Ed. Note: Taylor’s Director of Natural Resource Sustainability, Scott Paul, shares an update on two major initiatives he has been engaged in this past year: working to amend recently enacted CITES trade regulations for Dalbergia rosewood; and forging promising new partnerships that aim to scale up the propagation and replanting of ebony in Cameroon.

A Closer Look at CITES Rosewood Regulations

The Convention on International Trade in Endangered Species of Wild Fauna and Flora (CITES) is a multilateral treaty that went into force in 1975 to protect endangered plants and animals. Taylor Guitars fully supports the Convention. Yet, as many guitar owners know, in October of 2016 CITES voted to make a change in the protected status of rosewood, listing all species of Dalbergia (except for Brazilian rosewood, Dalbergia nigra, which was already listed in Appendix I), as Appendix II. (The change officially went into effect January 2, 2017.) This decision has had a profound impact on manufacturers and owners of musical instruments, new and used, that are made with any rosewood components.

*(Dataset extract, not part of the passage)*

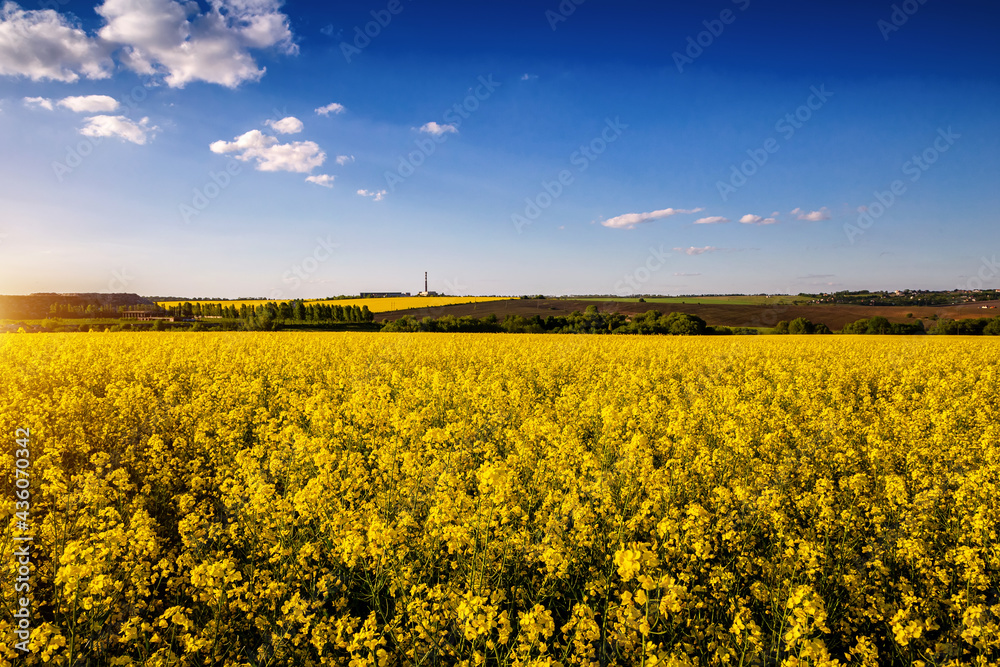 Rapeseed, canola or colza field in Latin Brassica Napus with beautiful clouds on sky, rape seed is plant for green energy and oil industry, springtime golden flowering field Rapeseed, canola or colza field in Latin Brassica Napus with beautiful clouds on sky, rape seed is plant for green energy and oil industry, springtime golden flowering field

It’s important to understand that the politics behind this listing were not driven by musical instruments or the species traditionally used to make them. It was driven by escalating Asian demand for hongmu furniture. The word “hongmu” means “red wood” in Chinese, and the term refers to a range of red-colored tropical hardwoods used to produce a certain style of furniture.  In the past, only royalty and elites were privileged to own hongmu. However, in recent years China’s growing middle class has acquired a taste for this style of furniture, resulting in a greatly escalated demand. Hongmu furniture is also increasingly popular in Vietnam.

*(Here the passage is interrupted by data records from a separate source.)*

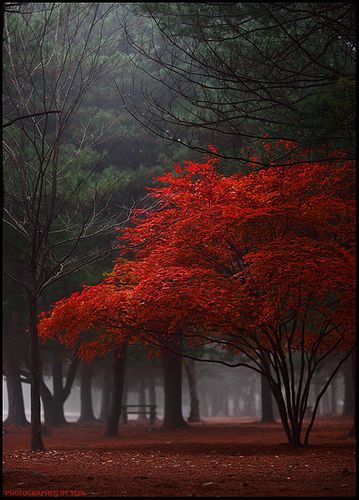 Red Tree: Yein Red Tree, Tree Photography, Autumn Beauty, Alam Yang Indah, Naturally Beautiful, Beautiful Tree, Landscaping Ideas, Amazing Nature, Nature Beauty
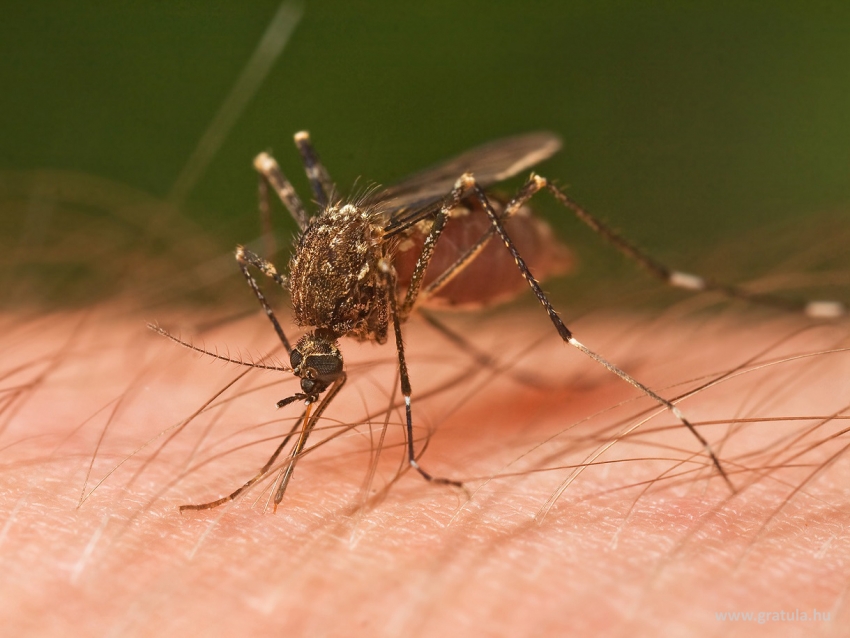 Értesítés légi szúnyoggyérítésről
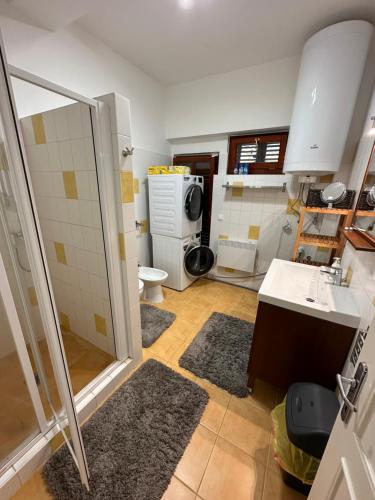 een badkamer met een douche, een wastafel en een toilet bij Family Apartman in Balatonfenyves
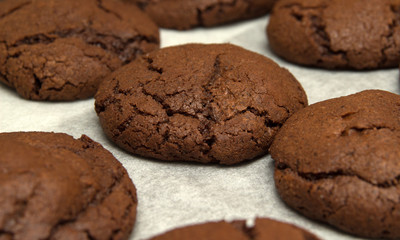 freshly made choocolate cookies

In short, the growing demand for hongmu furniture coupled with, at times, poor governance and rampant illegalities in many countries where hongmu species grows has resulted in a global run on many red-colored rosewoods. As a result, CITES moved Dalbergia to Appendix II and drafted a new governing Annotation. As stated on the CITES website (cites.org), Appendix I includes species threatened with extinction. Trade in specimens of these species is permitted only in exceptional circumstances. Appendix II includes species not necessarily threatened with extinction, but in which trade must be controlled in order to avoid utilization incompatible with their survival.

Despite the good intent, it quickly became apparent that the new listing was too broad in scope and the governing Annotation was ambiguously written. Additionally, it should be noted that in the lead-up to the listing, the focus was almost exclusively on the serious loss of red Dalbergia species feeding the Asian furniture market. At the time, apparently no one was even considering musical instruments or the brownish-colored rosewoods used traditionally for musical instruments, such as Indian rosewood (Dalbergia latifolia), which just so happens to make up the vast majority of rosewood used in guitar manufacturing. At Taylor, roughly 95 percent of the rosewood we use is D. latifolia, and there is no general concern about the long-term sustainability or supply of Indian rosewood.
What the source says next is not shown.